アマデウス・ソサイエティー管弦楽団第40回演奏会 [実演]
サントリーホールで行われた、こちらの演奏会を聴きに行きました。
アマデウス・ソサイエティー管弦楽団
合唱:一音入魂合唱団
指揮:曽我大介
R.シュトラウス アルプス交響曲
ワーグナー:ジークフリート牧歌
ワーグナー:ニュルンベルクのマイスタージンガーより
第1幕前奏曲と冒頭の合唱~第3幕フィナーレ
ワーグナー:ローエングリンより
第3幕の前奏曲~結婚行進曲~第2幕エルザの大聖堂への入場からフィナーレ
http://amadeussociety.web.fc2.com/
ワーグナーが前半(上記の曲順)、後半がアルプス交響曲。
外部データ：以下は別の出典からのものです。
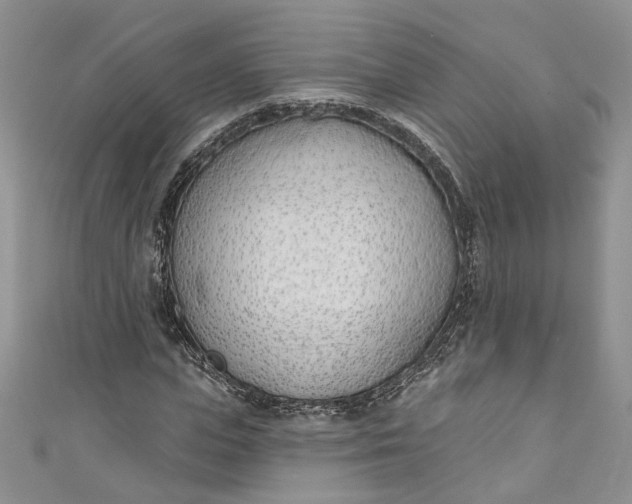 X0000110900823200907021536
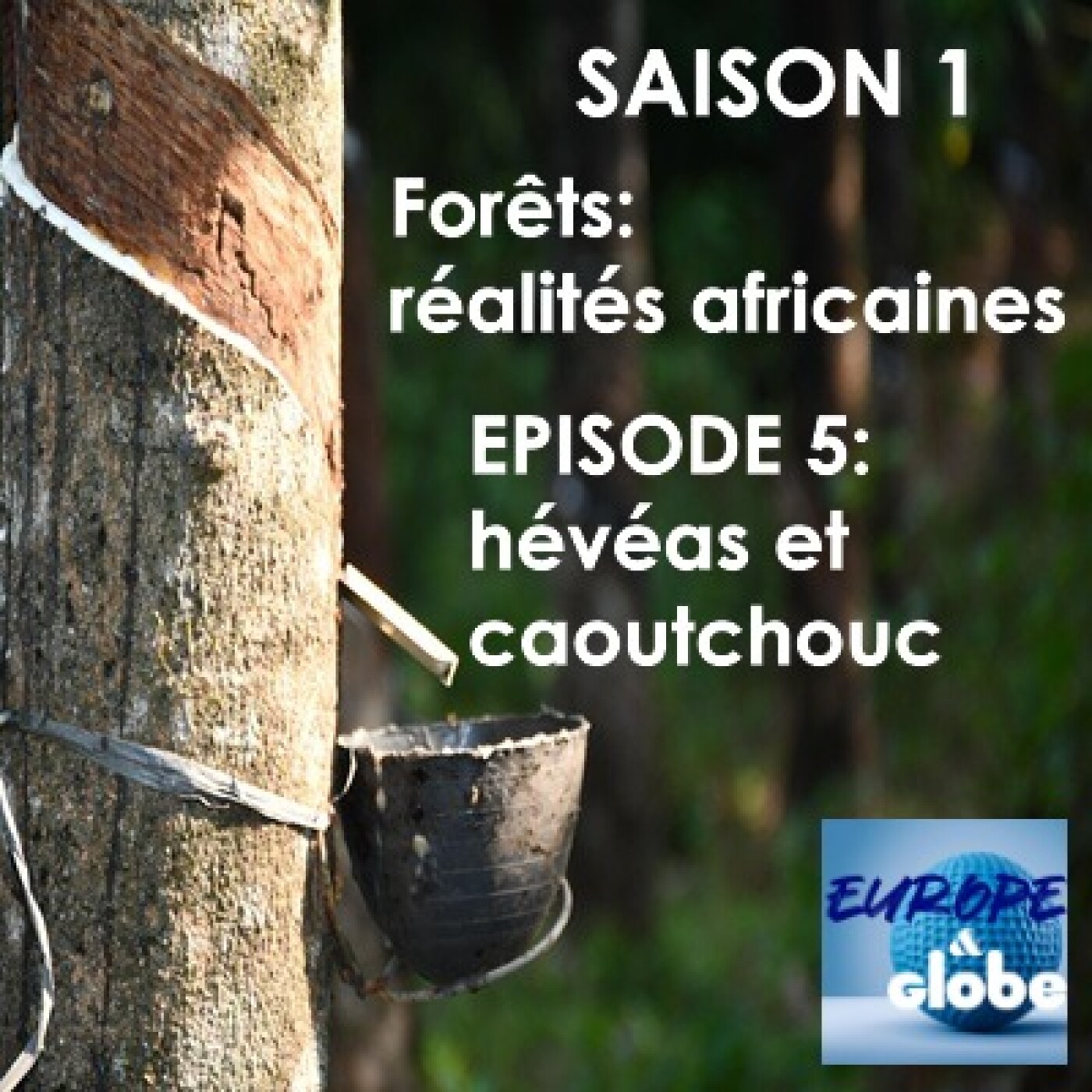 Europe and Globe, The podcast that explores today\'s world and changes the way we look at tomorrow\'s challenges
終了まで約2時間半の、大演奏会でした。
1曲目のジークフリート牧歌は、本日の曲の中で唯一、小編成の曲ですが、1stVnが4プルトと弦楽器が多めで演奏されました。最初のpから豊かな響き、これはこれで心地よいです。早めのテンポにより、耳慣れた主題が織りなすアンサンブルは、オペラの滔々たる流れより緊密で、「オペラの縮小版」というより各楽器の組み合わせの妙を楽しむ「室内楽作品」であるという印象を持ちました。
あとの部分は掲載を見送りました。